Mike Beesley

Personal information
- Full name: Michael Beesley
- Date of birth: 10 June 1942 (age 83)
- Place of birth: High Beach, Epping Forest, England
- Height: 5 ft 10 in (1.78 m)
- Position: Inside forward

Youth career
- 1958–1960: West Ham United

Senior career*
- Years: Team / Apps / (Gls)
- 1960–1962: West Ham United / 2 / (1)
- 1962–1965: Southend United / 79 / (34)
- 1965–1967: Peterborough United / 25 / (3)
- 1967–1971: Southend United / 133 / (11)
- 1971: Dover / ? / (?)
- Total:  / 239 / (49)

= Mike Beesley =

English footballer

Michael Beesley (born 10 June 1942) is an English former professional footballer who played as an inside forward.

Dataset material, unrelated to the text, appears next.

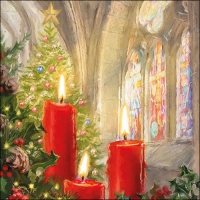 Servietten 33x33 cm - Candles In Church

Beesley's professional career, which lasted from 1960 to 1971, saw him play for three different teams in the Football League, making a total of nearly 250 appearances.

==Career==
Born in Epping Forest, Beesley began his career with the youth team of West Ham United, playing in the 1958–59 FA Youth Cup. Beesley played in the Football League for West Ham United, Southend United and Peterborough United between 1960 and 1971, scoring 40 goals in 239 games. Beesley later played non-league football with Dover.